Write each entry out again verbatim, pictures excluded.

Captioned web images

■ ■ ■ ■

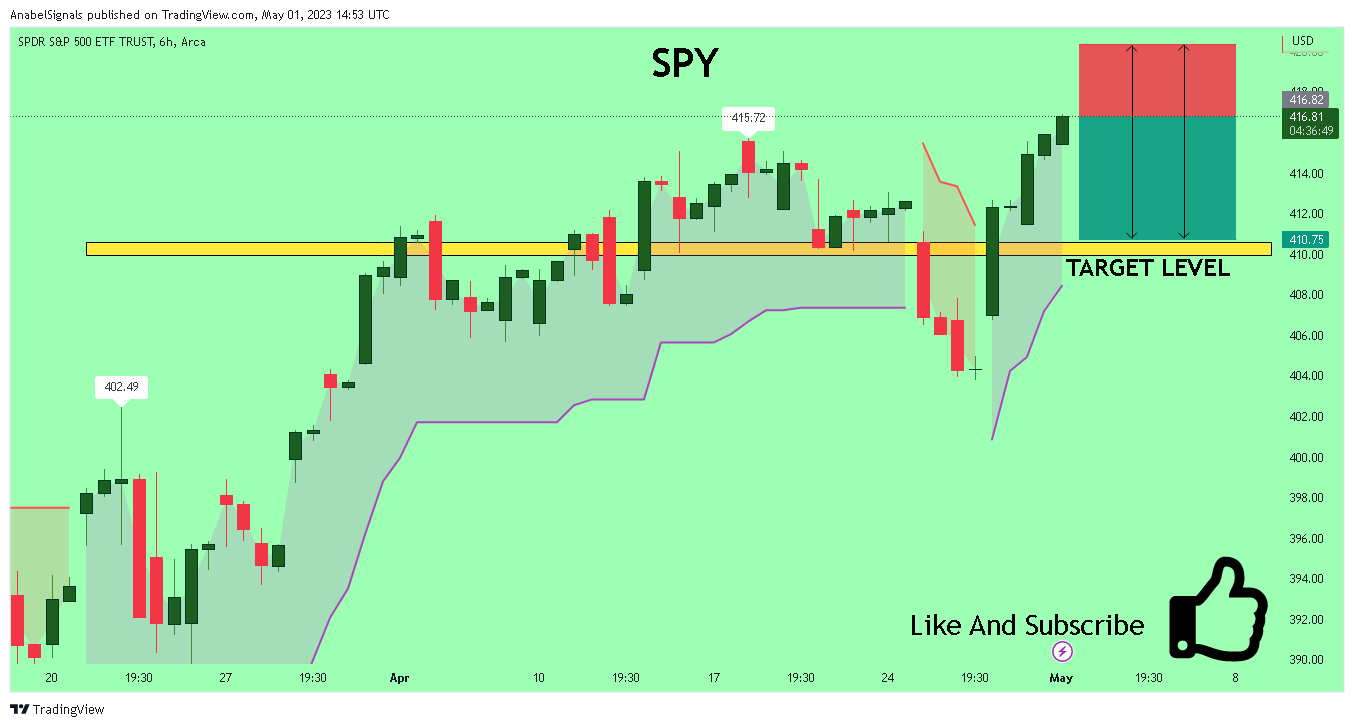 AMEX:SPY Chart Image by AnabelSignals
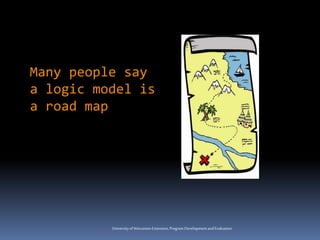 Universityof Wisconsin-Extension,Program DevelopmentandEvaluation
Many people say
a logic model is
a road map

■ ■ ■ ■

EXERCISE ANSWER |
 AMEX:SPY Chart Image by AnabelSignals
 Universityof Wisconsin-Extension,Program DevelopmentandEvaluation
Many people say
a logic model is
a road map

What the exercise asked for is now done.